LITTLE ROCK Lee Hirsch
PG-13, 98 minutes
This documentary, when it screened to a full house at Tribeca Film Festival in 2011, was originally called The Bully Project. The name referred to a website that was created to help kids and their parents unite in the battle against bullies. Distribution was a grassroots affair, with the film showing in church basements and at community group meetings. Then the Weinstein Company bought the film and rechristened it with the more aggressive title of Bully. And it got a theatrical release that gained attention when the MPAA gave the film an R rating (for language), effectively preventing kids in middle schools and high schools —often the victims of bullying — from seeing it. After squabbling for a while, Weinstein agreed to tone down the film in return for a PG-13 rating, meaning children of all ages can watch it without an adult — but watching it is not easy.
Director Lee Hirsch’s earnest camera peers into homes, classrooms, cafeterias and principals’ offices to investigate the often horrific lives of five bullied kids and their families over the course of a school year. The film makes it clear that its goal is to be a catalyst for change in the way parents, teachers, children and society deal with the misery, humiliation and terror that bullying can cause. “Bully is not a great movie; it is a problematic movie that, had it not been the focus of a highly publicized ratings debate [that quite possibly was ginned up by Harvey Weinstein as a kind of stunt], probably would not have made much of an impression on the American consciousness,”says our critic Philip Martin. “But even so, if you are a parent or grandparent of school-age children you should see this movie. You should take your kids or grandkids to see this movie. And you should hope that what they see makes them cry.”
OTHER RECENT RELEASES:
The Perks of Being a Wallflower
(PG-13, 103 minutes) — A funny and realistic coming-of-age story based on the best-selling novel by Stephen Chbosky (who directs),
The Perks of Being a Wallflower is narrated by Pittsburgh teenager Charlie (Logan Lerman), who describes life episodes in a series of letters to someone he know. “Perks feels like one of the best teen movies in a while, forgoing contrived plot lines while never condescending to its audience as it tells the story of a quiet, somewhat troubled high school freshman’s yearlong journey to find himself with the help of a group of outcast seniors and a caring English teacher,” says critic Jonathan Kim for the Huffington Post. With Emma Watson and Ezra Miller.

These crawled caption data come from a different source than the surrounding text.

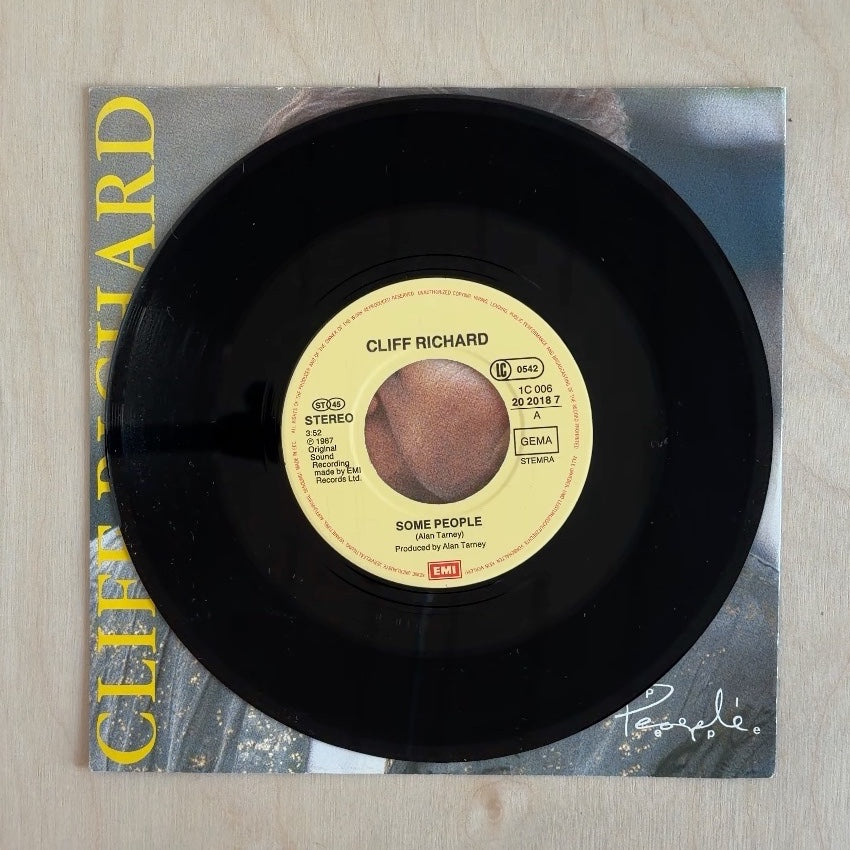 Cliff Richard – Some People – record label
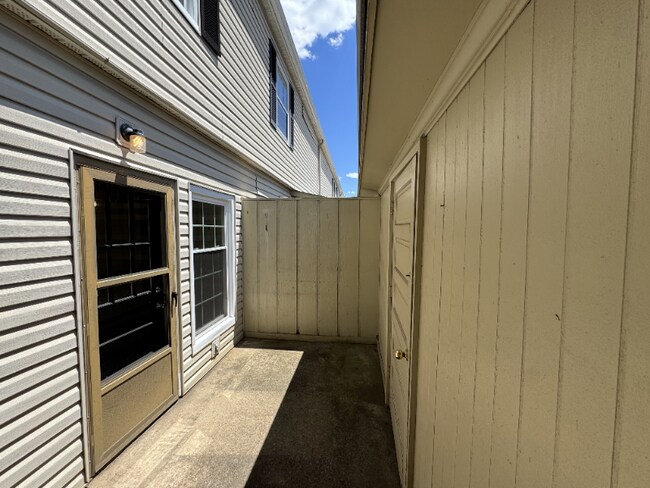 Building Photo - 5917 Quail Hollow Rd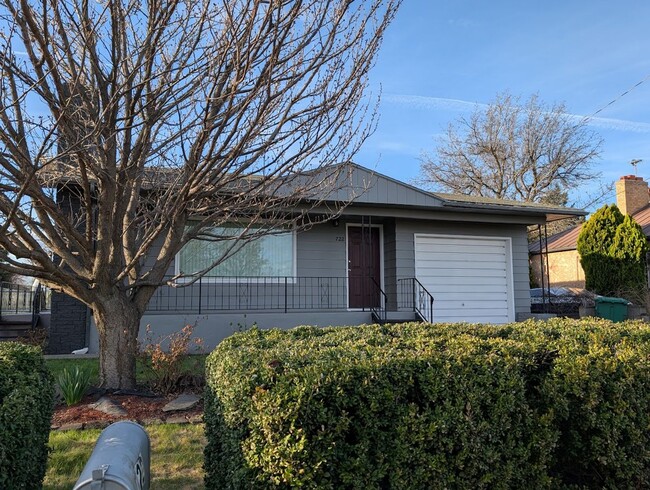 Building Photo - 722 Bryden Ave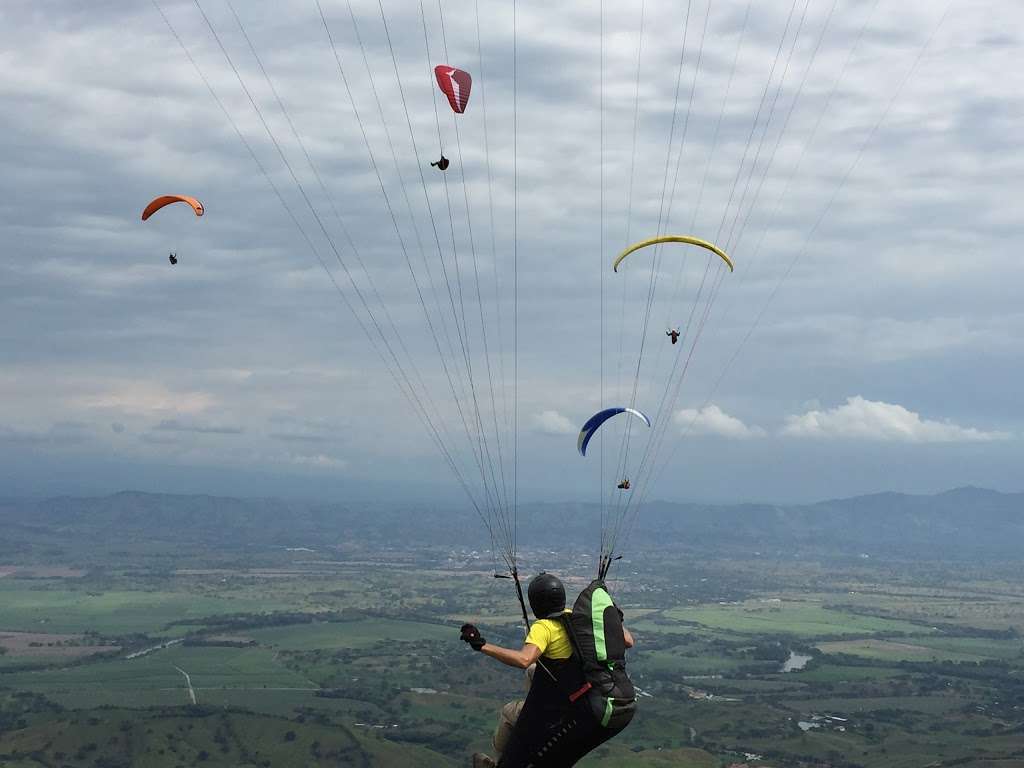 Pennsylvania Paragliding | 3961 Mountain View Dr, Danielsville, PA 18038 | Phone: (610) 392-0050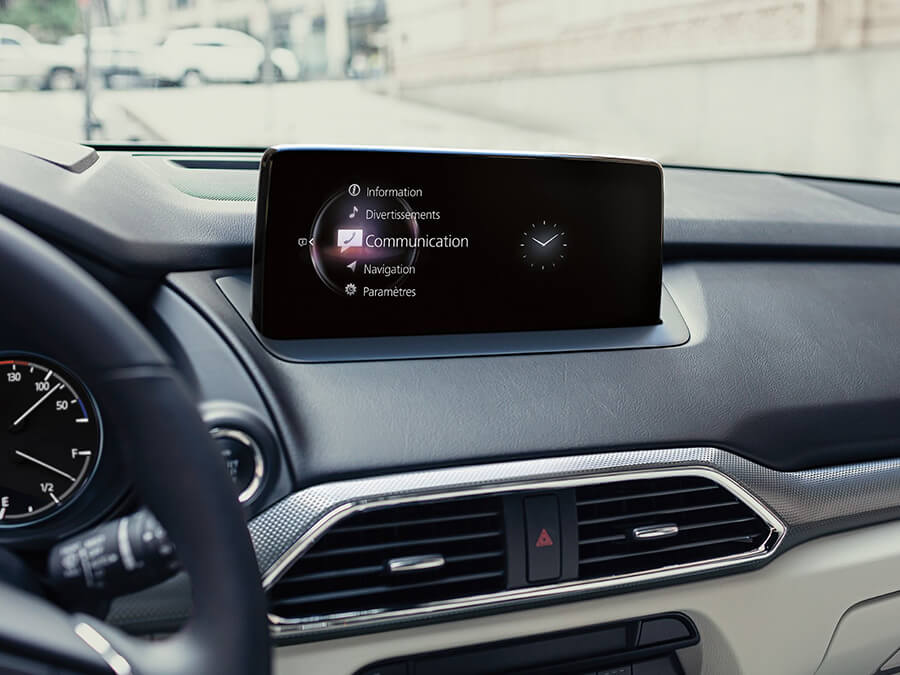 Console Mazda Connect du tableau de bord avec option de communication mise en évidence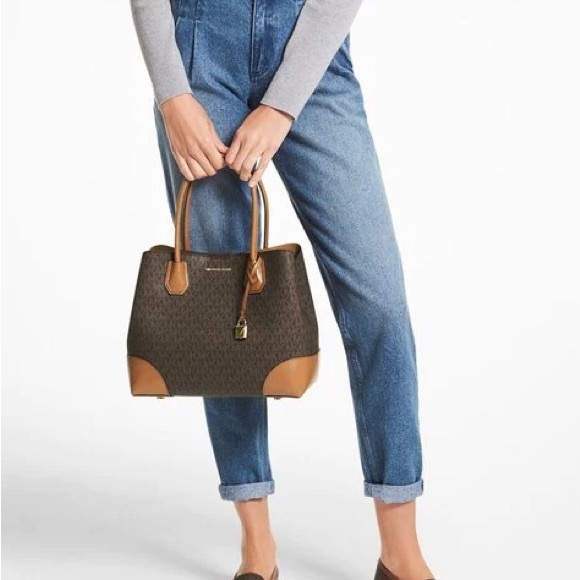 Mercer Gallery Medium Logo Tote Bag - Picture 7 of 7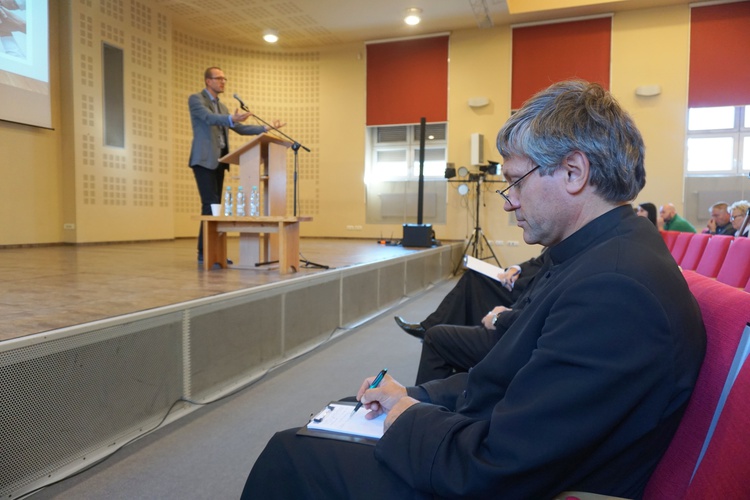 Konferencja "Razem w służbie Kościołowi"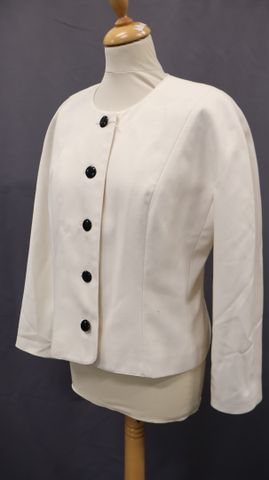 WEILL Paris – Veste en crêpe blanc. Taille 42 à vue. Bon état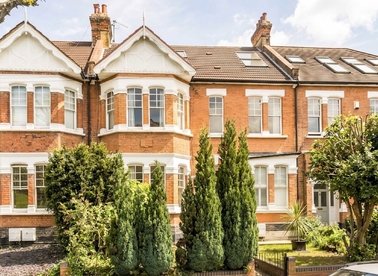 Properties for sale in Granville Gardens - W5 3PA view1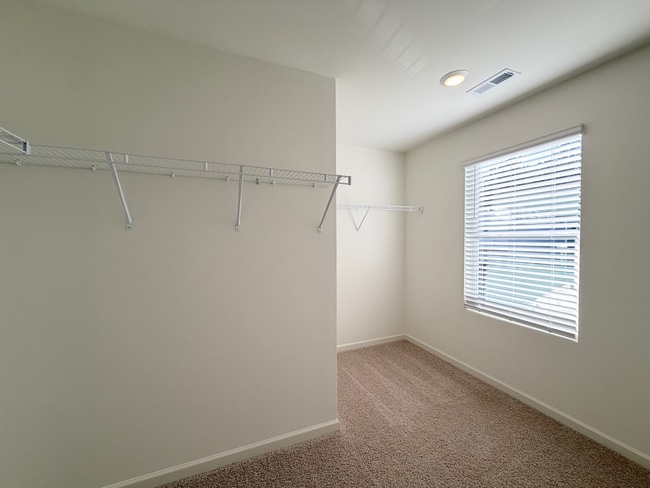 Building Photo - 2028 Eaton Pl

Kid With a Bike (PG, 87 minutes) — Directed by Luc Dardenne and Jean-Pierre Dardenne, this Belgian film follows a nearly feral boy named Cyril who, abandoned in a state-run youth farm by his father, finds an unlikely foster home on weekends with the town hairdresser. “Cyril makes bad decisions and falls in love with the wrong substitute parent, but he’s the toughest kid you’d ever want to meet, better than most grownups at admitting his mistakes and adjusting to reality,” says critic Andrew O’Hehir in Salon.com. “The Dardennes borrow plot twists and narrative beats from the world of thrillers, but invest them with a tragic potential we rarely see in actual thrillers. We’re constantly aware that the destiny of actual human beings rests on some idiotic criminal scheme hatched in a downscale Belgian neighborhood.” With Thomas Doret, Cecile De France. Subtitled.
Skyfall (PG-13, 143 minutes) My favorite James Bond film so far, Skyfall is as dark and stormy as the moody Scottish skies over Bond’s remote childhood home, the scene of a spectacular standoff between the astonishingly evil guys vs. Agent 007 (Daniel Craig) and his boss M (Judi Dench). With Javier Bardem, Ralph Fiennes, Ben Whishaw; directed by Sam Mendes. “Nicely cast, with a droll performance by Ben Whishaw as the geeky new Q and a dry, tart turn by Naomie Harris as an agent assigned to work with 007, Skyfall is an audacious and crowd-pleasing film that obliterates the bad taste left by the ill-begotten Quantum of Solace, which seemed to suggest that perhaps Bond and company really were played out,” says our critic Philip Martin. “But to see this one is to anticipate the next one. Why do we have to wait four years?”